Jazz Review: Pianist Kenny Werner — Teaching “Effortless Mastery”

“The problem is that more people get lost going to music school than get found.”

An Evening with Kenny Werner and Friends at Berklee Performance Center, Boston, MA, on February 2.

Kenny Werner at the piano. Photo: courtesy of Jason M. Rubin

Kenny Werner at the piano in the Berklee Performance Center. Photo: Berklee College of Music.

By Jason M. Rubin

Show, don’t tell. That broadly applicable maxim was on full display at Berklee Performance Center recently, when jazz pianist Kenny Werner and his very gifted friends gave a riveting ninety-minute performance that was intended as a celebration of the 20th anniversary of Werner’s 1996 book, Effortless Mastery: Liberating the Master Musician Within. For the audience, however, there was a whole lot of incredible music to enjoy, but very little talk about the book. Which, I’m sure, no one there was particularly disappointed about.

I was fortunate, though, to have been invited to a pre-show reception during which Werner did do the telling. In fact, he didn’t even have the book itself to show, since printing problems with the new 20th-anniversary edition has led to a delay in its release. No matter, his remarks were illuminating and his performance only added additional light.

“There is a condition I call MSD: Music School Disease,” he explained. “The problem is that more people get lost going to music school than get found. They are blasted with concepts and are expected to advance at an unrealistic pace. Obsessed with playing well and surrounded by brilliant talent, they learn not to trust their own instincts.”

Compiling insights and ideas from his own life and career, he composed Effortless Mastery to help musicians heal themselves by broadening their perspective and exploring the spiritual, psychological, mental, and physical aspects of music making. And if that approach seems to be a slap at an institution like Berklee, bear in mind that Werner came to Berklee as a student in 1970. Furthermore, after a conversation with Berklee College of Music President Roger Brown, who was already a fan of the book, Werner was hired in 2014 to be artistic director of the College’s new Effortless Mastery Institute.

“In the Institute we get students to love their sound,” said Werner. “We encourage them to make mistakes, to play carelessly. They begin to understand where they really are as a player, and the fear goes away.”

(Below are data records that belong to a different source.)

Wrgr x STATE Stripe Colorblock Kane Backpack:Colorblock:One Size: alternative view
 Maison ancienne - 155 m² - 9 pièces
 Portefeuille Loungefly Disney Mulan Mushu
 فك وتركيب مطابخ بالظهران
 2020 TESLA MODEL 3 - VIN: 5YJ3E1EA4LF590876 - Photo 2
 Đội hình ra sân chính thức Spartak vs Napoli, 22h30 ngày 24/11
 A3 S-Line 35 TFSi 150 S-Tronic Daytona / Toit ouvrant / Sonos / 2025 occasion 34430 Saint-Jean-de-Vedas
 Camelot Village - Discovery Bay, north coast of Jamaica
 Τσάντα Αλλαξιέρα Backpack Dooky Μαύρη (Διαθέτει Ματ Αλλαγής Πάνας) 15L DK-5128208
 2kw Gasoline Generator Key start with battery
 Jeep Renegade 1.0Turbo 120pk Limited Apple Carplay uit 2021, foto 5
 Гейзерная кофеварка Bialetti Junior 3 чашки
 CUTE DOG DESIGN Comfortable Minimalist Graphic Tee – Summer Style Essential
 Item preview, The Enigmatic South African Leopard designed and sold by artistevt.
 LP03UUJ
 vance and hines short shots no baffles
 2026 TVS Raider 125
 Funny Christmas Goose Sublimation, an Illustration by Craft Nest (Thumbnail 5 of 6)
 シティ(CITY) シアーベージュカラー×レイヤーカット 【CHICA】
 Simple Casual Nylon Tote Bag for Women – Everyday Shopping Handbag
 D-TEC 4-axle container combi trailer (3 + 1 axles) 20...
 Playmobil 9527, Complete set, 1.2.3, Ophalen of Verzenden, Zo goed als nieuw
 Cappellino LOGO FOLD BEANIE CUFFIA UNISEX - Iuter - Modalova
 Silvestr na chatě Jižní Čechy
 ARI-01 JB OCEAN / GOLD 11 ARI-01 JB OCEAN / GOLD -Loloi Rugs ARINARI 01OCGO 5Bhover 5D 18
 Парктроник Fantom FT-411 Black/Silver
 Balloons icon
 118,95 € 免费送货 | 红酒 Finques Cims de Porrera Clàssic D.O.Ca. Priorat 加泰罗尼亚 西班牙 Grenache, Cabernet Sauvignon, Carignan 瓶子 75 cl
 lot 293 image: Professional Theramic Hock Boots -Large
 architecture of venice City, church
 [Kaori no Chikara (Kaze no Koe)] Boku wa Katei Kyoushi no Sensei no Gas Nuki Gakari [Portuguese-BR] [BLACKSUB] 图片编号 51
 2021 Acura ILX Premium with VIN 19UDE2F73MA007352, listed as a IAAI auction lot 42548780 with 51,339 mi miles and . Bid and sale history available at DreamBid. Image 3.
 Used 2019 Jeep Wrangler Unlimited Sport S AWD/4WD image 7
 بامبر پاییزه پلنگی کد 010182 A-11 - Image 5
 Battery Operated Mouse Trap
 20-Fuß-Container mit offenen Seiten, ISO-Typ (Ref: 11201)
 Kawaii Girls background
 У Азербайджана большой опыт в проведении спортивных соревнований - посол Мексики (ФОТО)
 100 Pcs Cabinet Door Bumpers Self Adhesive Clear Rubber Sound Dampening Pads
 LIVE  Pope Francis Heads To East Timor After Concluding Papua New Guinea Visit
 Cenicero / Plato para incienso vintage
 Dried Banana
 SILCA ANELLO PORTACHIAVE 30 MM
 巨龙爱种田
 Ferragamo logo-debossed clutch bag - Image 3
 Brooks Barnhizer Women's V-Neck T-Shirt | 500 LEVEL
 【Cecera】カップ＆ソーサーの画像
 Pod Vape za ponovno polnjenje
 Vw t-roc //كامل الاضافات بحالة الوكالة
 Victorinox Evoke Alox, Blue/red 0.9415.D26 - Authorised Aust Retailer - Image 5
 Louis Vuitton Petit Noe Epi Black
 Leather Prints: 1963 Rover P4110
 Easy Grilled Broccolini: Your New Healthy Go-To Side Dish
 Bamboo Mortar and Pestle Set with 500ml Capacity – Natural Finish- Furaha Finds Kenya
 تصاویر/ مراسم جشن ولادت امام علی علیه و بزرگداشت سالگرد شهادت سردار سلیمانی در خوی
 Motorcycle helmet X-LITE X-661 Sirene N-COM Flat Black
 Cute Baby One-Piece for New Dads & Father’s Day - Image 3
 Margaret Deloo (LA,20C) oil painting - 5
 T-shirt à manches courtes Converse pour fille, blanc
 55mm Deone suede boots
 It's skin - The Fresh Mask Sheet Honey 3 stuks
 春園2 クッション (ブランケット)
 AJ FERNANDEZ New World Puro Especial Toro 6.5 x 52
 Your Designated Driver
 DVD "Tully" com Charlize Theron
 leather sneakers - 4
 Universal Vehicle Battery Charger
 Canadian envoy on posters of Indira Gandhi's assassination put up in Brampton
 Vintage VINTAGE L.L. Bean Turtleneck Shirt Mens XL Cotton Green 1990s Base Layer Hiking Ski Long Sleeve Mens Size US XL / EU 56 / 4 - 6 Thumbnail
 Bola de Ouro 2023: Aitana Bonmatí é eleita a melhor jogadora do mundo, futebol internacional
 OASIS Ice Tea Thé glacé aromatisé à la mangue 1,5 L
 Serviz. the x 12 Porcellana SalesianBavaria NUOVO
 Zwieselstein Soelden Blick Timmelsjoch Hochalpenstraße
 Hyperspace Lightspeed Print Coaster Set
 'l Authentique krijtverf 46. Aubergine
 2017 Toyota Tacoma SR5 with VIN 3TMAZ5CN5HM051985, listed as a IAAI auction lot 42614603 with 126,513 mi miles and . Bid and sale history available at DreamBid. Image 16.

Using a range of mind-body strategies, such as the Alexander Technique, body mapping, tai chi, and yoga, students in the Effortless Mastery Institute are taught to overcome obstacles that keep them from performing at their best.

“To play better you have to be healthier,” he said. “Some people give up a career as a performer to do music therapy; this is music therapy for the performer.”

Following the reception, the concert began with Werner entering the stage alone and playing a solo improvisation that incorporated “Somewhere” from the musical West Side Story. Werner, sympathetic to if not a card-carrying member of the Third Stream, has an endearing habit of raising his left hand at times to sort of “conduct” his right hand. He is a fluid player who shapes space as well as sound, employing sudden changes in tempo and dynamics.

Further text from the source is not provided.